Let $n \geq 3$. Let $z_{i}$ (for $i=1,2,\cdots,n$) be complex numbers. Assume that $z_{k+1} - z_k \ne 0$ for $k=1,2, \cdots, n-1$ and $z_n - z_1 \ne 0$. Show that
$$\sum_{k=1}^{n}\dfrac{|z_{k}|^2}{|z_{k+1}-z_{k}|^2}\ge 1\tag{1},$$
where $z_{n+1}=z_{1}$.
I think can use the Cauchy-Schwarz inequality to solve it. But I think this complex inequality can't hold:
$$\left(\sum_{k=1}^{n}|z_{k}|\right)^2\ge \sum_{k=1}^{n}|z_{k+1}-z_{k}|^2.$$
So how do I prove $(1)$?
On
Too long for a comment. First any two consecutive terms must be different otherwise it leads to division by zero. Next $$\sum_{k=1}^n\frac{|z_k|^2}{|z_{k+1}-z_k|^2}=\sum_{k=1}^n\frac{|z_{k+1}-(z_{k+1}-z_k)|^2}{|z_{k+1}-z_k|^2}\geqslant\sum_{k=1}^n\frac{||z_{k+1}|-|z_{k+1}-z_k||^2}{|z_{k+1}-z_k|^2}$$ by triangle inequality. The last sum is equivalent to $$\sum_{k=1}^n\frac{||z_{k+1}|-|z_{k+1}-z_k||^2}{|z_{k+1}-z_k|^2}=\sum_{k=1}^n\Big(\frac{|z_{k+1}|}{|z_{k+1}-z_k|}-1\Big)^2$$ Therefore it is sufficient to prove the inequality $$\sum_{k=1}^n\Big(\frac{|z_{k+1}|}{|z_{k+1}-z_k|}-1\Big)^2\geqslant 1$$ If this is not the case then for all $k$ we must have $|z_{k+1}|<2|z_{k+1}-z_k|$. Maybe this could lead to some contradictions using also $z_{n+1}=z_1$.
On
Let's try to do $n\ge 4$ at least. Let $x_k=|z_k|$. Then it will suffice to show that $$ \Phi(x)=\sum_k\frac{x_k^2}{(x_k+x_{k+1})^2}\ge 1 $$ Let us consider $\Phi$ on $x_k>0,\sum_k x_k=1$.

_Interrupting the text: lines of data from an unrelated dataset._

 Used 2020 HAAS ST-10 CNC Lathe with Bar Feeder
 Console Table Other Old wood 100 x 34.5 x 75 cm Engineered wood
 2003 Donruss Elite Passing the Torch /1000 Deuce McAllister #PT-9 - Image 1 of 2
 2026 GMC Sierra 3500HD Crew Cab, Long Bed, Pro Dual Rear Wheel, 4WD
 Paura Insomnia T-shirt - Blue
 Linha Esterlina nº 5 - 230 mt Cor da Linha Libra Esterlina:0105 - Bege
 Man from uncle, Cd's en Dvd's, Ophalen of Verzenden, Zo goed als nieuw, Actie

Notice first of all that if $\Phi(x)\le m<1$, then $x$ is separated from the boundary in the sense that $x_k\ge c(m)>0$ for all $k$. Indeed, at least one $x_k\ge 1/n$. Since $m<1$, we must have $x_{k+1}\ge\lambda(m)x_k$ (otherwise one single term is already above $m$. Then $x_{k+2}\ge\lambda(m)x_{k+1}$ and so on over the cycle, so all $x_j\ge n^{-1}\lambda(m)^{n-1}$. Thus, only the critical points are of interest. Also, since the functional is homogeneous of degree $0$, the differential should vanish at the critical points on the whole space, not just along the hyperplane $\sum_k dx_k=0$.

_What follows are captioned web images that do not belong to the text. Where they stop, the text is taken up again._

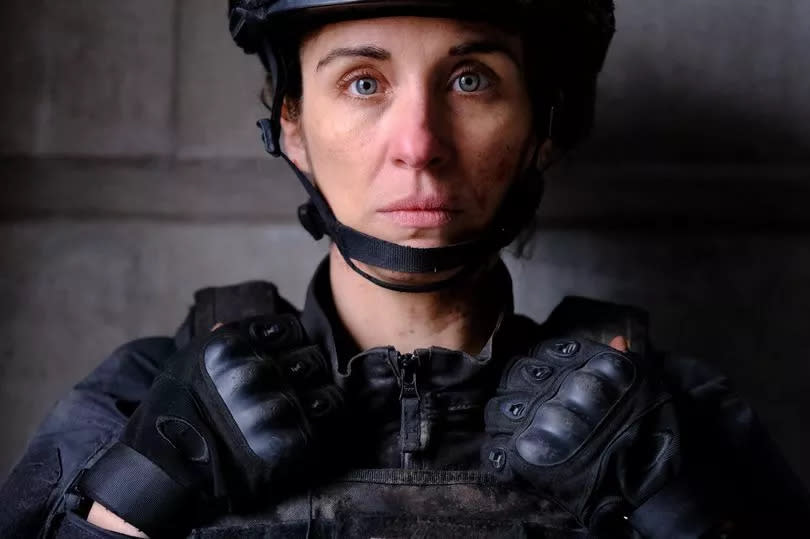 Vicky McClure in Trigger Point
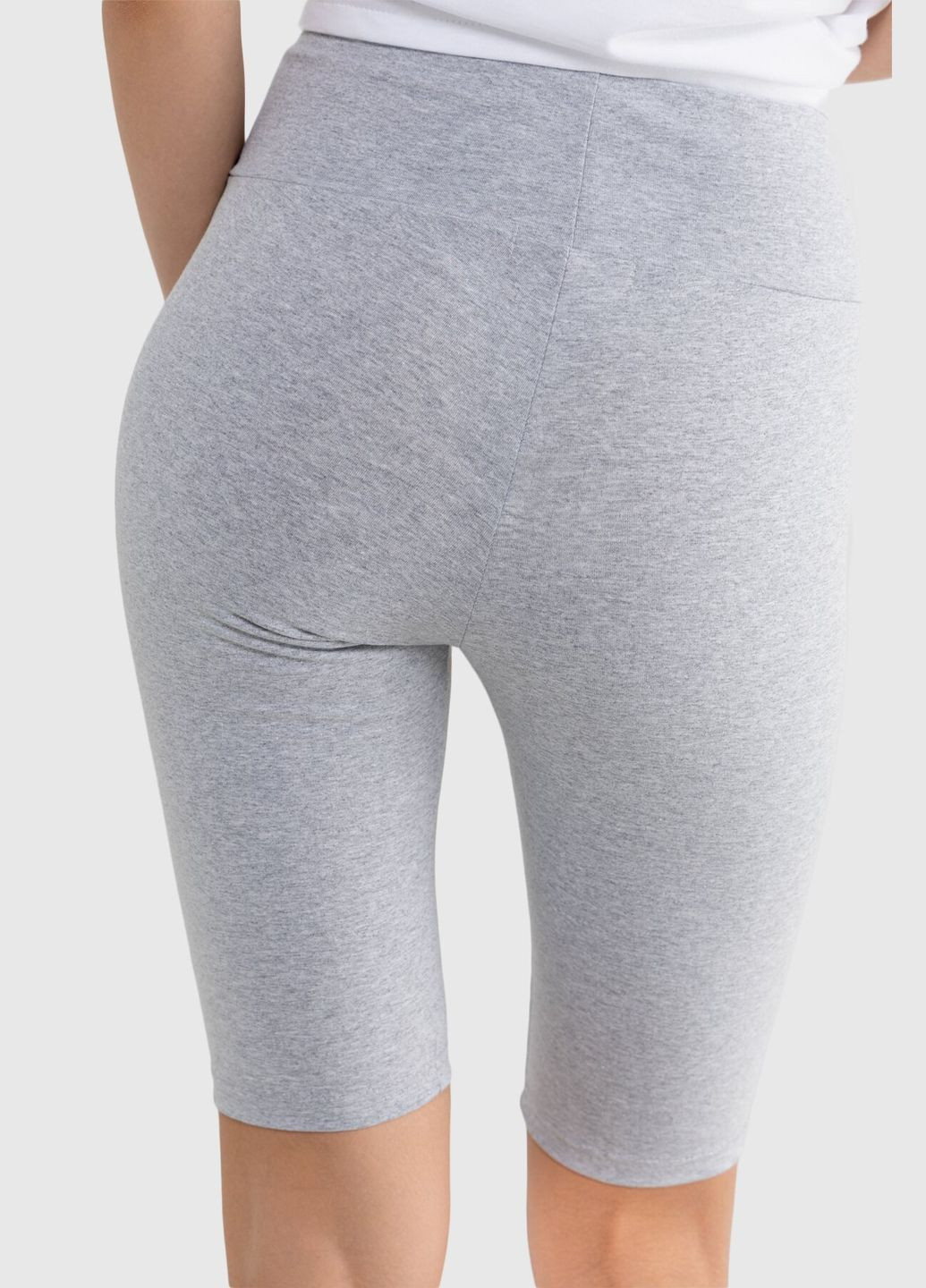 Велосипедки однотонные женские CTM WBC02313 Серый shop (2000989912590) LAWA (354935770)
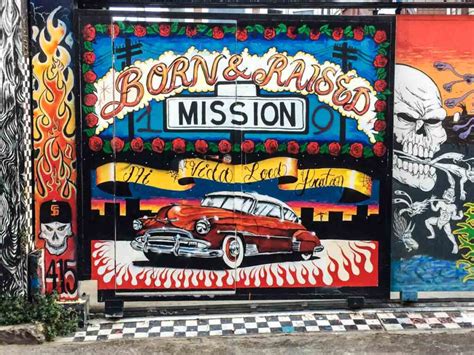 San Francisco's Mission District Murals: Explorer's Guide & Map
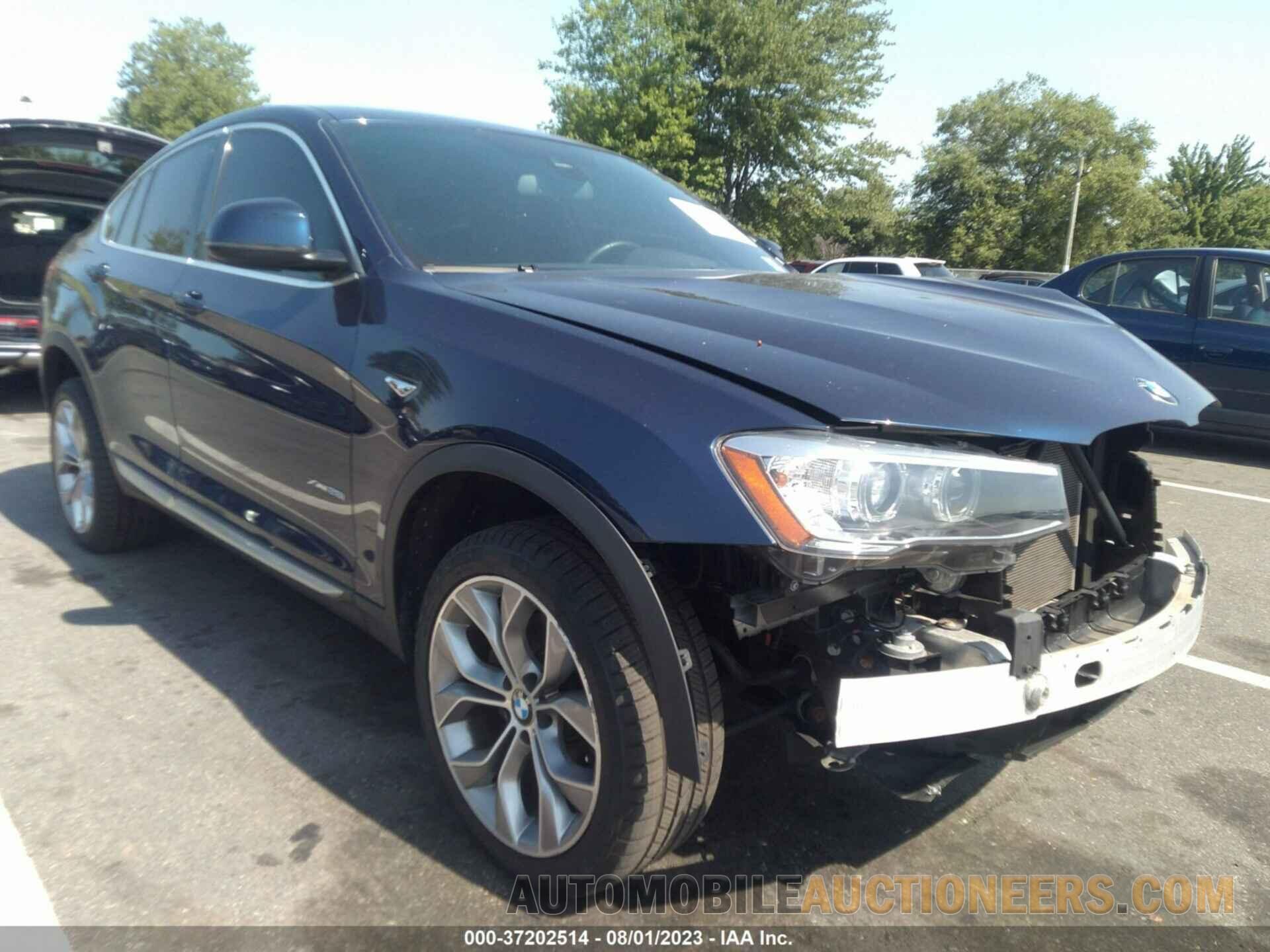 5UXXW3C52J0T82229 BMW X4 2018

Now, $$ x_{k}\frac{\partial \Phi(x)}{\partial x_k}=2\left[-\frac{x_{k-1}^2x_k}{(x_{k-1}+x_{k})^3}+\frac{x_{k}^2x_{k+1}}{(x_{k}+x_{k+1})^3}\right] $$ which means that at any critical point all ratios $w_k=\frac{x_{k+1}}{x_k}$ are roots of $(1+w)^3=sw$ with some common $s>0$.

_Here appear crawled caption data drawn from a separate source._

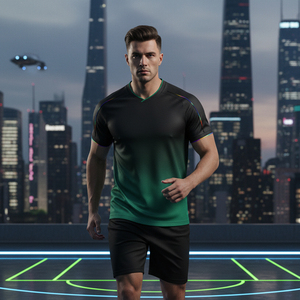 Full Sublimation Soccer Uniform Custom Team Football Jersey Set Quick Dry Lightweight <b>Men</b> Match Training Sport Kit Box - Product Image 5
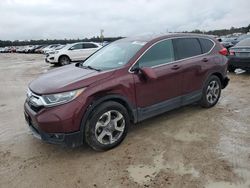 Salvage cars for sale at Houston, TX auction: 2019 Honda CR-V EXL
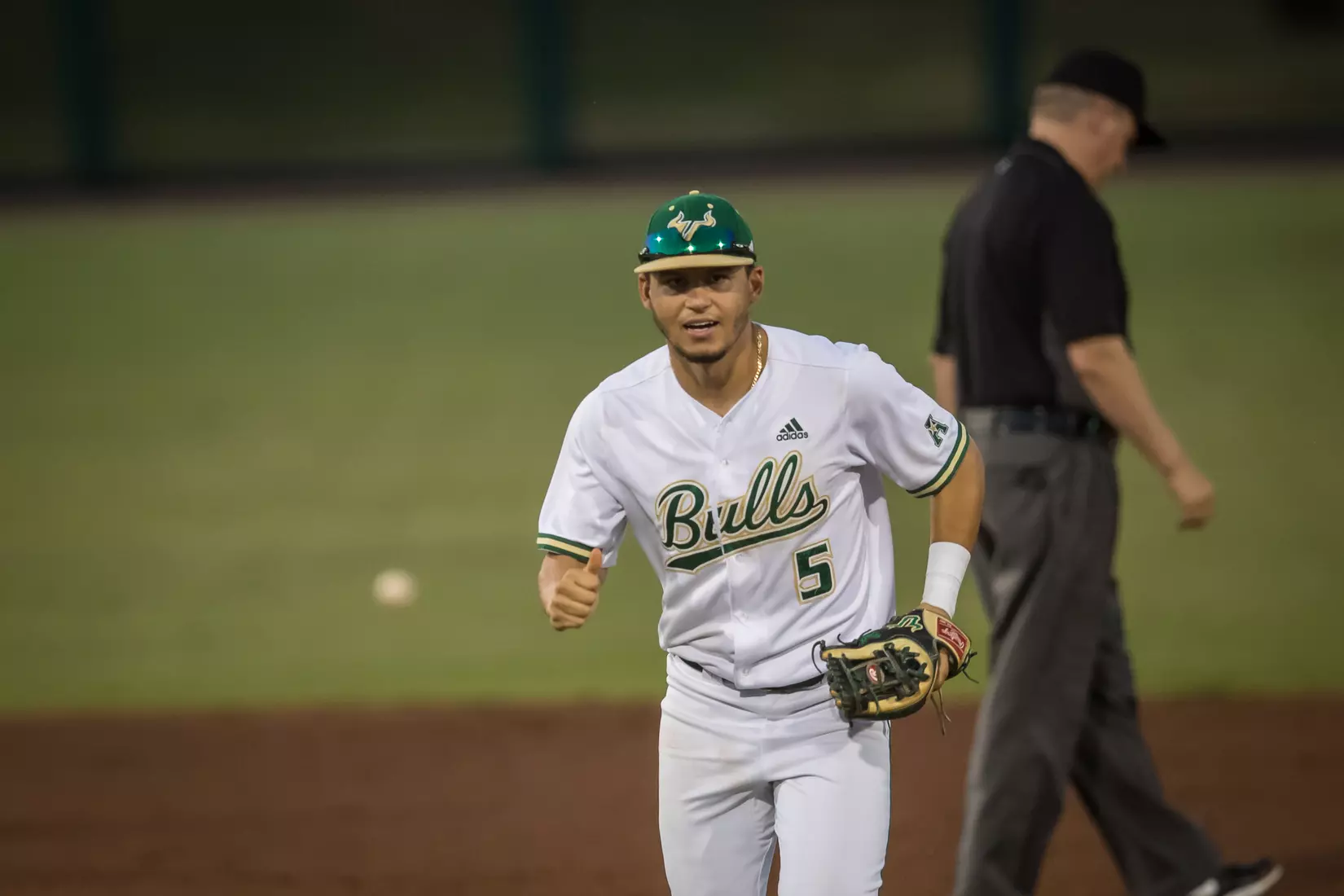 South Florida Bulls during a game against the Memphis Tigers on Sunday April 28, 2019 at the USF Softball Stadium in Tampa, Florida.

Now comes some casework. Notice that this equation can have only two positive roots (the LHS is strictly convex). When $s=8$, $w=1$ is a root and it is the larger one (because the tangent line to $(1+w)^3$ at $w=1$ has slope $12>8$. Thus, when $s<8$, both roots are below $1$, which makes this case impossible because then $x_k$ would decrease over the cycle. When $s=8$, the only option is to have all $w_k=1$, which results in $\Phi(x)=\frac n4\ge 1$ as long as $n\ge 4$. So the only interesting case is $s>8$ when there are two roots $y<1<z$. Notice that we cannot use $z$ every time (there are no strictly increasing cycles). If we use $y$ at least once, we have
$$
\Phi(x)\ge \frac{1}{(1+y)^2}+\frac{n-1}{(1+z)^2}
=
\frac{1}{(1+y)^2}+\frac{(n-1)(1+z)}{(1+z)^3}
\\ \ge
\frac{1}{(1+y)^2}+\frac{3z}{(1+z)^3}=\frac{1}{(1+y)^2}+\frac 3s\,.
$$
If we show that the last expression is above $1$, we are done.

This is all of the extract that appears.